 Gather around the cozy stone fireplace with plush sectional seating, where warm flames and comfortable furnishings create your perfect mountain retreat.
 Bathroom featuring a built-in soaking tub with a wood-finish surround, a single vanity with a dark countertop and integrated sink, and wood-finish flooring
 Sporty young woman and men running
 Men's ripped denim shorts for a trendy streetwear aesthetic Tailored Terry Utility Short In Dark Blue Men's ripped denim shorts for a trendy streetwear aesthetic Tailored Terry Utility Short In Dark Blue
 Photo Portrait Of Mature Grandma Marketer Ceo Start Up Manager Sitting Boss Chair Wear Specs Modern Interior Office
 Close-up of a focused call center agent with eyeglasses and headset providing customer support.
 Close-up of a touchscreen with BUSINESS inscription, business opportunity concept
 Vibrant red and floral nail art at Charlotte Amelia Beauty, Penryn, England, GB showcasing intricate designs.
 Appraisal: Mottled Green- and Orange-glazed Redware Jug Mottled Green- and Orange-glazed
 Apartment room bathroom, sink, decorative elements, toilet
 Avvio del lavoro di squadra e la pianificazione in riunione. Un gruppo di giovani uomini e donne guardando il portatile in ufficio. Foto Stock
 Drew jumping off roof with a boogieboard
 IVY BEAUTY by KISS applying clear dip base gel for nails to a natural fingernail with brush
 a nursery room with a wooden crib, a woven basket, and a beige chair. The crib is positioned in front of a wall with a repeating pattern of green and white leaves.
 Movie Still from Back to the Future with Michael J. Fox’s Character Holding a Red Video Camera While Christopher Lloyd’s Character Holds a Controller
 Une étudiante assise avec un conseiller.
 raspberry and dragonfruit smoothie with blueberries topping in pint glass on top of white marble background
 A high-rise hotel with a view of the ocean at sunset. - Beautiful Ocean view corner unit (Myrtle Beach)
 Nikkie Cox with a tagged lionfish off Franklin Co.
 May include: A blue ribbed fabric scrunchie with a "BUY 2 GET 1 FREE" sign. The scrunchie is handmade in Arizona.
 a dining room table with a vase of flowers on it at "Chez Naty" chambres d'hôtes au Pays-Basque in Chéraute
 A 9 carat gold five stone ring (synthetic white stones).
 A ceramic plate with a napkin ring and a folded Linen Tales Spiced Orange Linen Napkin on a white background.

§ §

• **Goal of the exercise**: Everything from the first line of the entries above through the line with "Une étudiante assise avec un conseiller." is to be reproduced exactly, and nothing else.

• **Solution to the exercise**:
 Gather around the cozy stone fireplace with plush sectional seating, where warm flames and comfortable furnishings create your perfect mountain retreat.
 Bathroom featuring a built-in soaking tub with a wood-finish surround, a single vanity with a dark countertop and integrated sink, and wood-finish flooring
 Sporty young woman and men running
 Men's ripped denim shorts for a trendy streetwear aesthetic Tailored Terry Utility Short In Dark Blue Men's ripped denim shorts for a trendy streetwear aesthetic Tailored Terry Utility Short In Dark Blue
 Photo Portrait Of Mature Grandma Marketer Ceo Start Up Manager Sitting Boss Chair Wear Specs Modern Interior Office
 Close-up of a focused call center agent with eyeglasses and headset providing customer support.
 Close-up of a touchscreen with BUSINESS inscription, business opportunity concept
 Vibrant red and floral nail art at Charlotte Amelia Beauty, Penryn, England, GB showcasing intricate designs.
 Appraisal: Mottled Green- and Orange-glazed Redware Jug Mottled Green- and Orange-glazed
 Apartment room bathroom, sink, decorative elements, toilet
 Avvio del lavoro di squadra e la pianificazione in riunione. Un gruppo di giovani uomini e donne guardando il portatile in ufficio. Foto Stock
 Drew jumping off roof with a boogieboard
 IVY BEAUTY by KISS applying clear dip base gel for nails to a natural fingernail with brush
 a nursery room with a wooden crib, a woven basket, and a beige chair. The crib is positioned in front of a wall with a repeating pattern of green and white leaves.
 Movie Still from Back to the Future with Michael J. Fox’s Character Holding a Red Video Camera While Christopher Lloyd’s Character Holds a Controller
 Une étudiante assise avec un conseiller.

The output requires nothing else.